What is an umbrella insurance policy?


An umbrella insurance policy is usually viewed as an additional layer of liability insurance since it provides extra protection above and beyond the policy for your auto, home or watercraft. Umbrella insurance is designed to cover the 'cracks' of an auto, homeowners and other policies in the event of a catastrophic liability suit.
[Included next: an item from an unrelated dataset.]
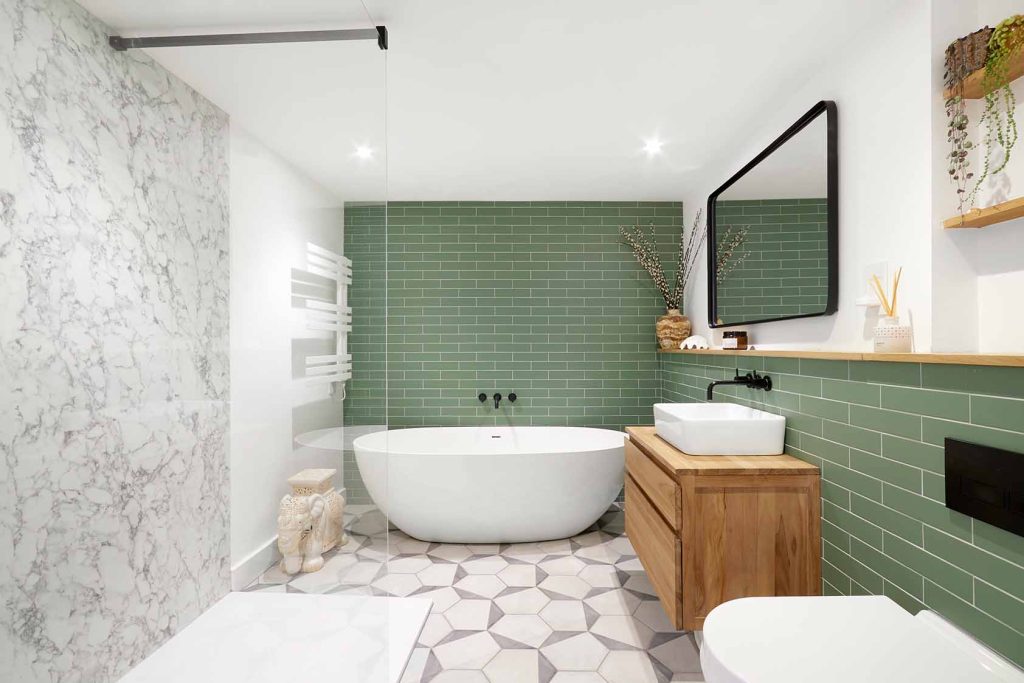 a full picture of a renovated bathroom with a green and white-marble aesthetic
Characteristics of Umbrella Insurance

  • Umbrella insurance policies provide additional protection in the event that you are found guilty in a liability case and have to pay damages that exceed your individual liability policy limits.
  • In addition to providing extra liability protection, umbrella insurance policies are designed to cover the so-called 'gaps' of liability insurance policies, offering protection for cases typically excluded from liability policies' insuring agreements.
  • Umbrella insurance policies are very affordable, while providing an exclusively broad coverage: umbrella insurance premiums range between $100 and $200 per annum (!) for a coverage of $1 million. If you wish to buy an extra million in umbrella coverage, you will have to pay an additional $100.
  • The majority of insurance advisers share the view that umbrella insurance policies have the best value out of all insurance coverages out there, and therefore, they strongly recommend buying umbrella insurance.
  • Umbrella insurance policy comes into play in lawsuits when damages are awarded and after all liability limits have been depleted.
  • Although an umbrella policy is inexpensive, you might not be able to afford paying an extra few hundred dollars into insurance. We recommend that you review all your primary policies, such as Homeowners insurance or Auto insurance, drop the coverage you do not need or raise your deductibles to save some money on premiums.